### How to complete this task
Your answer should be every line of the entries that has the string "with" in it.

### Raw data
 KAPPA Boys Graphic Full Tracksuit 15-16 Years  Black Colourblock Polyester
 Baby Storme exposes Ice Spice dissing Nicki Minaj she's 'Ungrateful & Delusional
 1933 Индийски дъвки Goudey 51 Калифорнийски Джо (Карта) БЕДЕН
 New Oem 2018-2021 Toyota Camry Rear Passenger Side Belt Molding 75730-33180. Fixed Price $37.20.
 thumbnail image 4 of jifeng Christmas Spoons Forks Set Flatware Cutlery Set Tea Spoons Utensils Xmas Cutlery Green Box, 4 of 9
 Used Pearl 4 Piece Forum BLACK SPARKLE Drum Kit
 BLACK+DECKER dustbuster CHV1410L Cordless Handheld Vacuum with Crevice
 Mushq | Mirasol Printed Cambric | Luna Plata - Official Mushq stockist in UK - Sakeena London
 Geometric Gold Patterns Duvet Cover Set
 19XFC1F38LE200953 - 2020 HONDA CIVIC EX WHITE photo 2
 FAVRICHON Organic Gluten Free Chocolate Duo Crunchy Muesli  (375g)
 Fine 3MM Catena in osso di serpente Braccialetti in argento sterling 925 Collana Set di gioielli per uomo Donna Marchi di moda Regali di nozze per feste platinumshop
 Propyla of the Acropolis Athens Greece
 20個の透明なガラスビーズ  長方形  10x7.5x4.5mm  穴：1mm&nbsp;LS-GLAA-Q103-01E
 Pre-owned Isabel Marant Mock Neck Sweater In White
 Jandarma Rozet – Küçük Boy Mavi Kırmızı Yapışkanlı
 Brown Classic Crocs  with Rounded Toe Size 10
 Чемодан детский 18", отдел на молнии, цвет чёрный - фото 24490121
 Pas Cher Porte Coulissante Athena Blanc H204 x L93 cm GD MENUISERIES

### Exercise result
 BLACK+DECKER dustbuster CHV1410L Cordless Handheld Vacuum with Crevice
 Brown Classic Crocs  with Rounded Toe Size 10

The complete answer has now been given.